> Instructions to follow:
Using the data below, transcribe exactly everything from the line that contains "法甲首轮八队同积3分，竞争格局激烈" down to the line that contains "266 Lazy Avenue Eugene OR 97404". Include both of those lines and none of the pictures.

> Dataset excerpts:
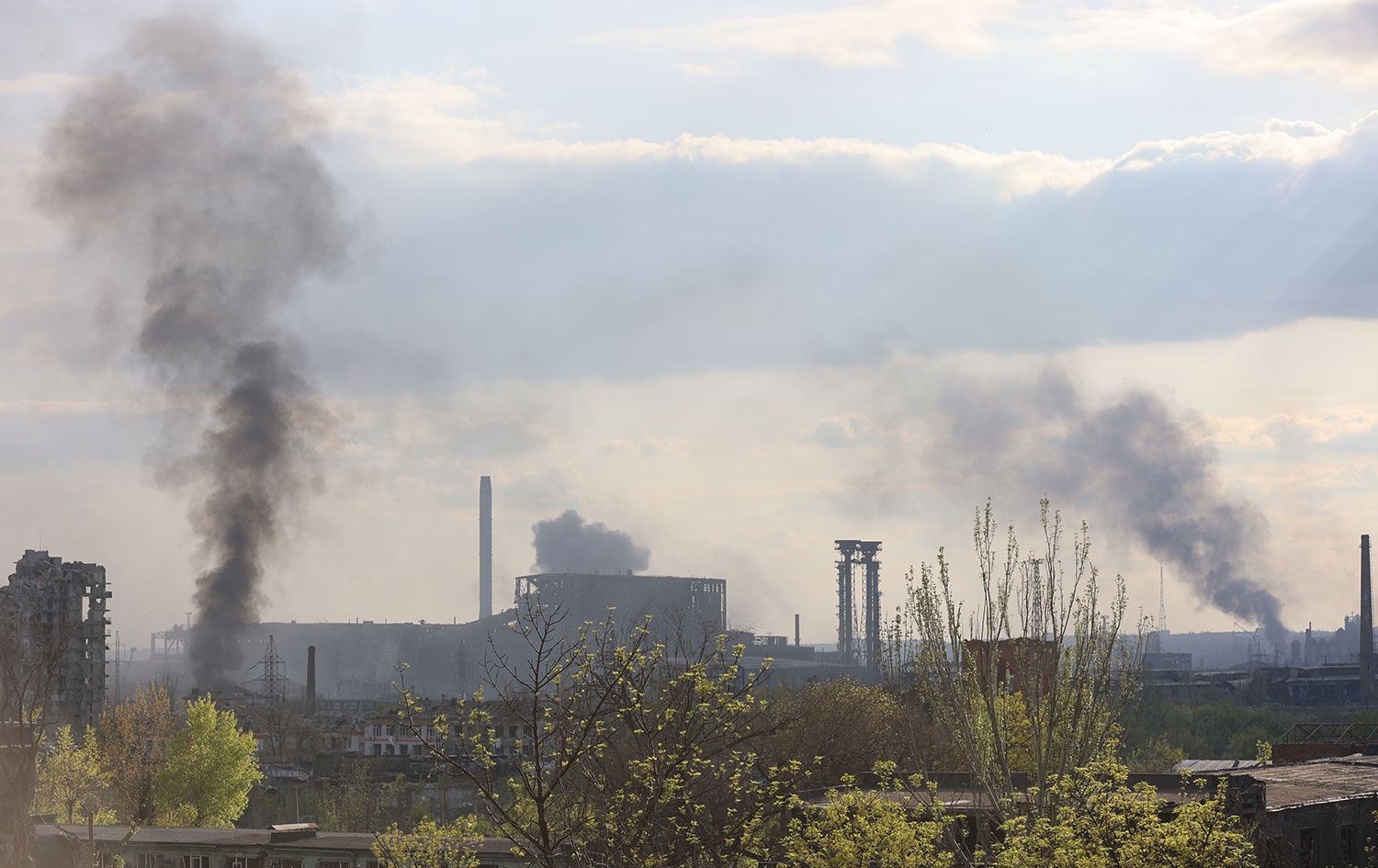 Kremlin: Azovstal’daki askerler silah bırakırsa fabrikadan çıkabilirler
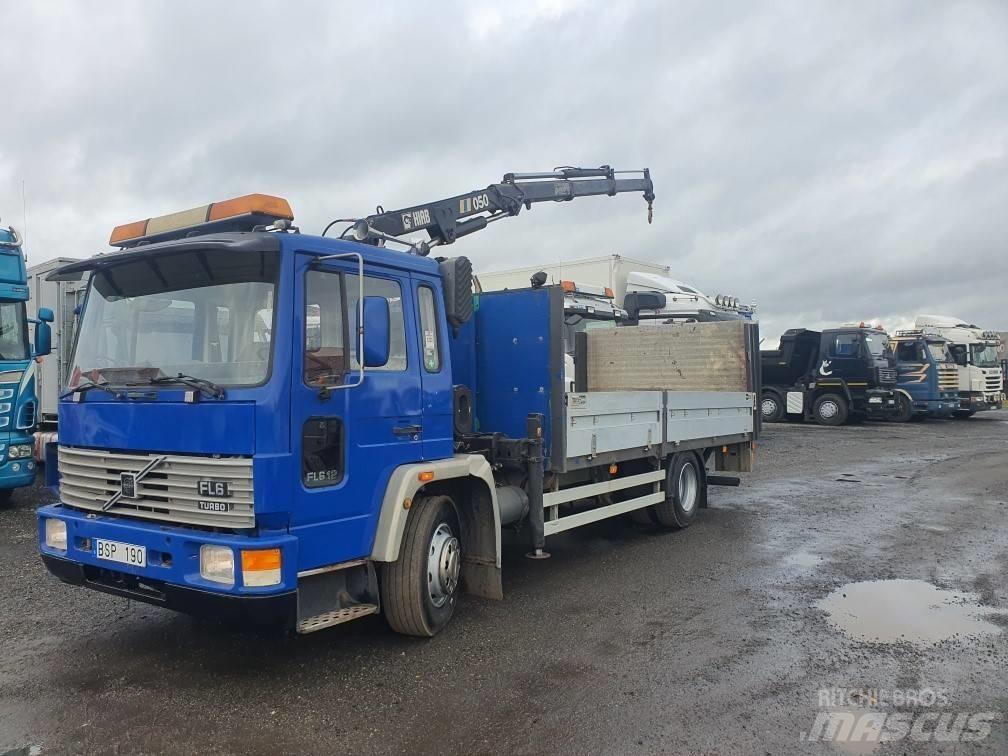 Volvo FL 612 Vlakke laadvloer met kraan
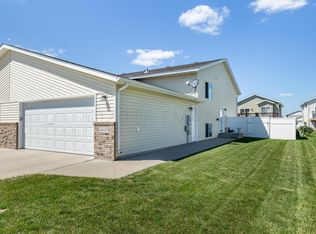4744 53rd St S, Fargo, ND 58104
...
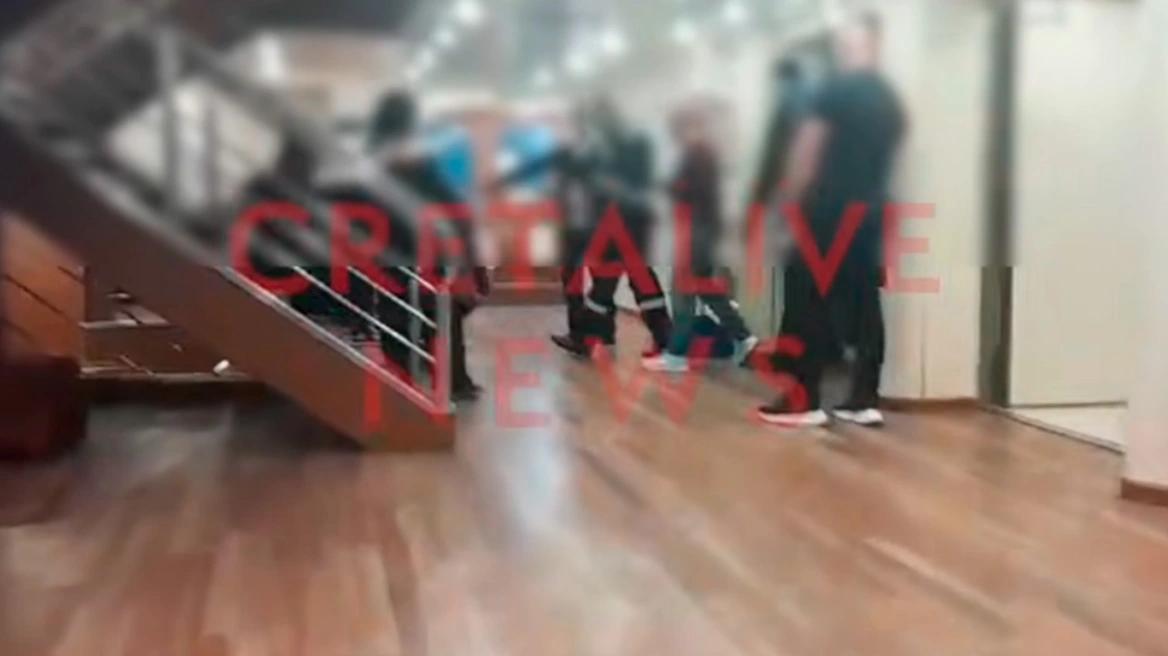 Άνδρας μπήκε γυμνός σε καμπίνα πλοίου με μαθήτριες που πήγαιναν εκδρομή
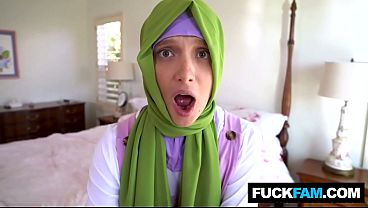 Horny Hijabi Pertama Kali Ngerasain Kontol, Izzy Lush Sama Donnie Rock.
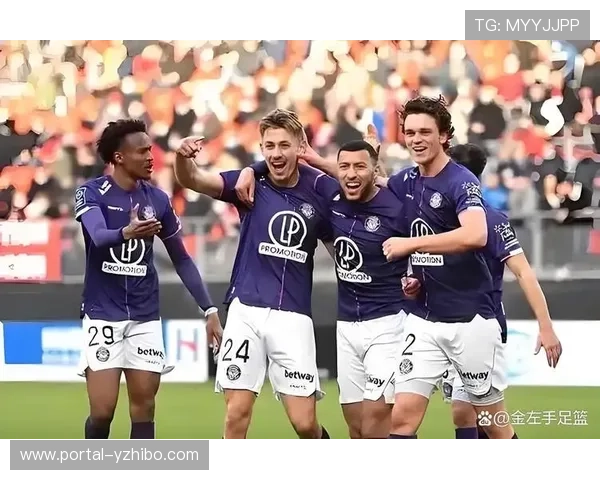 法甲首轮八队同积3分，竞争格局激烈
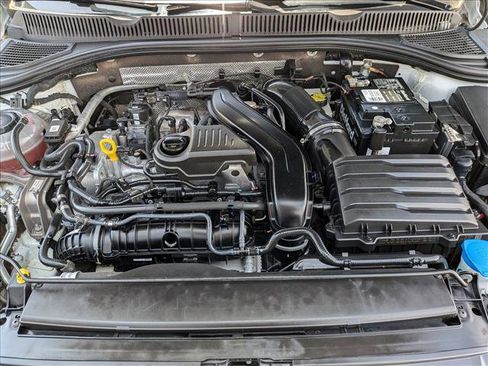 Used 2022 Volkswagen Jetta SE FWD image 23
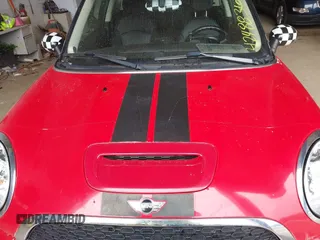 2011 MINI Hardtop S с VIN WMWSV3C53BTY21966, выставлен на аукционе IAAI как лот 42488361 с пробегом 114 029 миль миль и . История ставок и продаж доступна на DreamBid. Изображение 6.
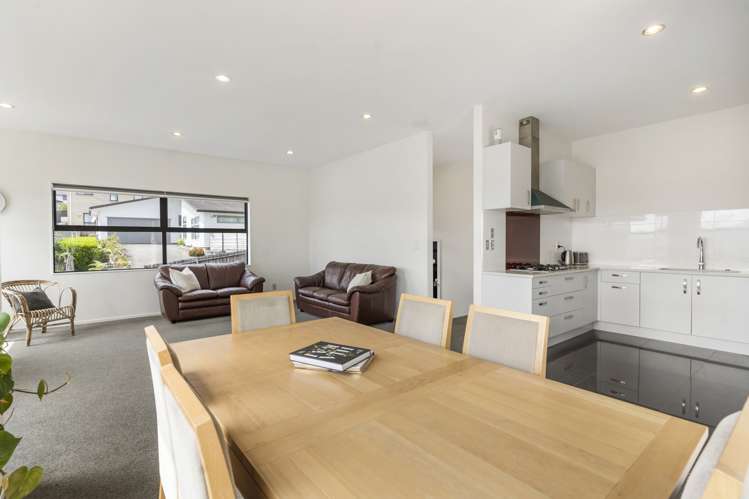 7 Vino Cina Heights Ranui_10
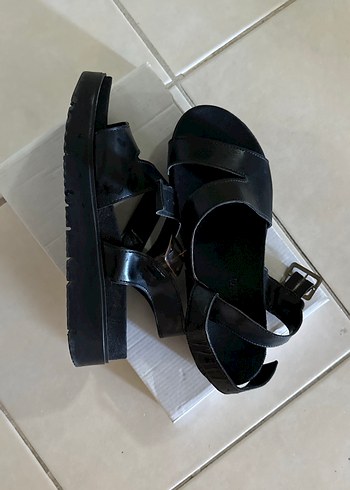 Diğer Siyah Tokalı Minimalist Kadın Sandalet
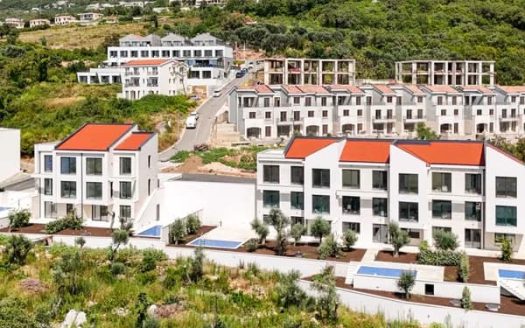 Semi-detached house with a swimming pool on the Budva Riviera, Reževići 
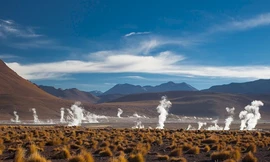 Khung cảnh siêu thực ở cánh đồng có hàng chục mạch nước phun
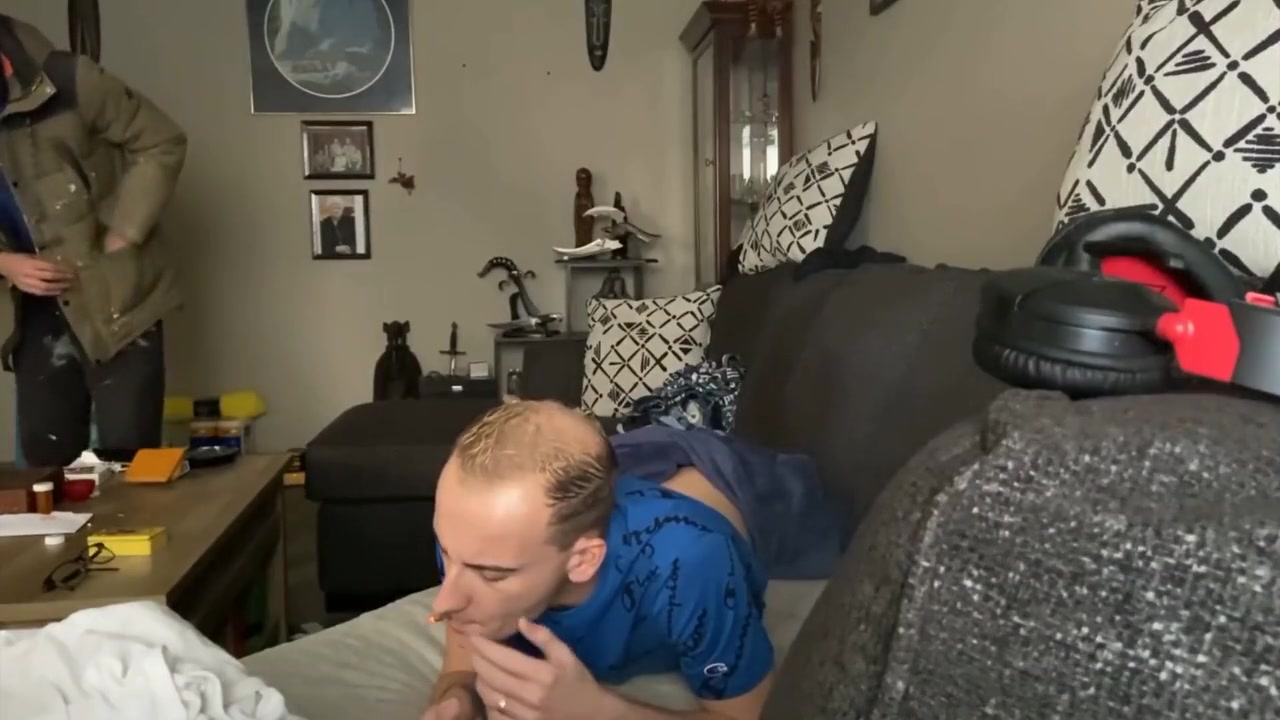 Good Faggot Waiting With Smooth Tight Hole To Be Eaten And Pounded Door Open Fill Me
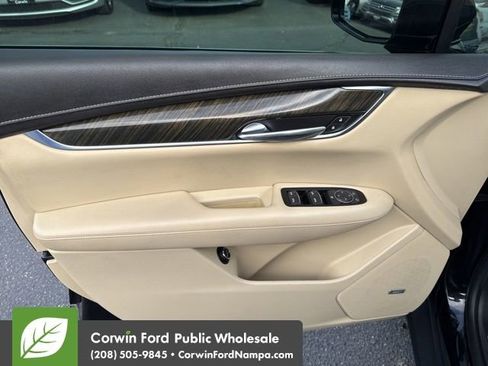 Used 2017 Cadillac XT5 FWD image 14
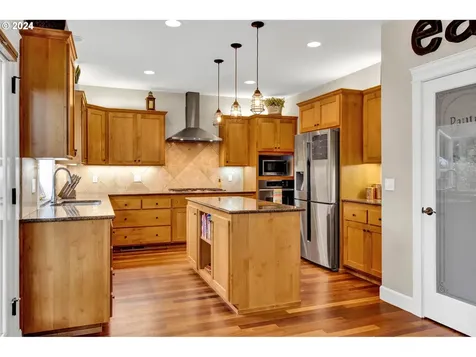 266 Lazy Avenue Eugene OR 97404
...
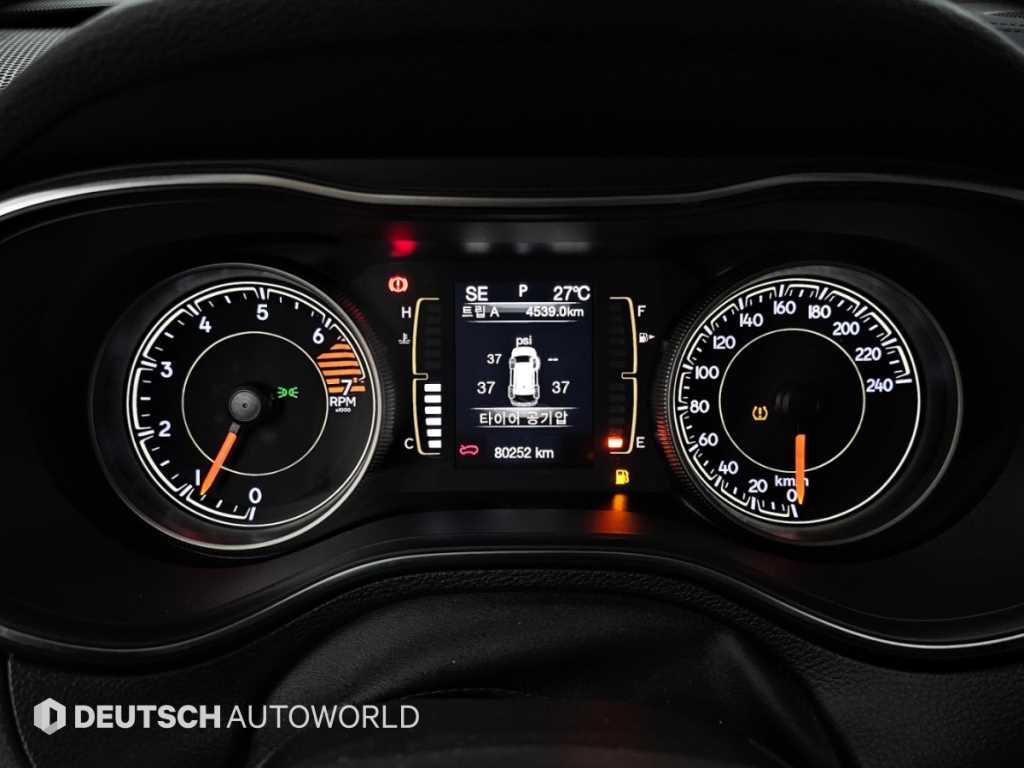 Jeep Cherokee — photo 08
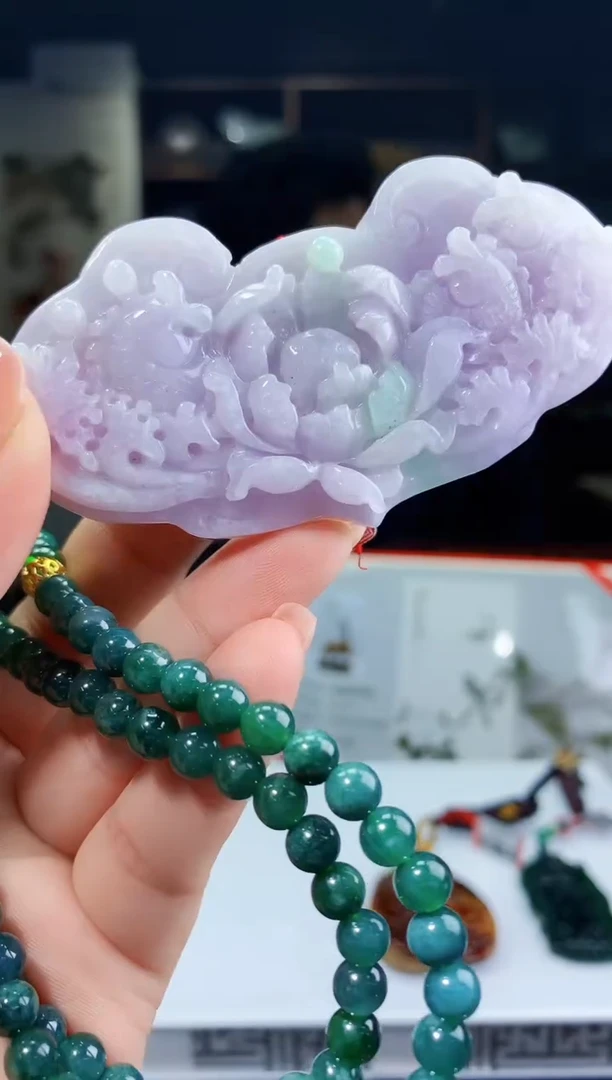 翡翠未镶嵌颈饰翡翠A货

> Written response:
 法甲首轮八队同积3分，竞争格局激烈
 Used 2022 Volkswagen Jetta SE FWD image 23
 2011 MINI Hardtop S с VIN WMWSV3C53BTY21966, выставлен на аукционе IAAI как лот 42488361 с пробегом 114 029 миль миль и . История ставок и продаж доступна на DreamBid. Изображение 6.
 7 Vino Cina Heights Ranui_10
 Diğer Siyah Tokalı Minimalist Kadın Sandalet
 Semi-detached house with a swimming pool on the Budva Riviera, Reževići 
 Khung cảnh siêu thực ở cánh đồng có hàng chục mạch nước phun
 Good Faggot Waiting With Smooth Tight Hole To Be Eaten And Pounded Door Open Fill Me
 Used 2017 Cadillac XT5 FWD image 14
 266 Lazy Avenue Eugene OR 97404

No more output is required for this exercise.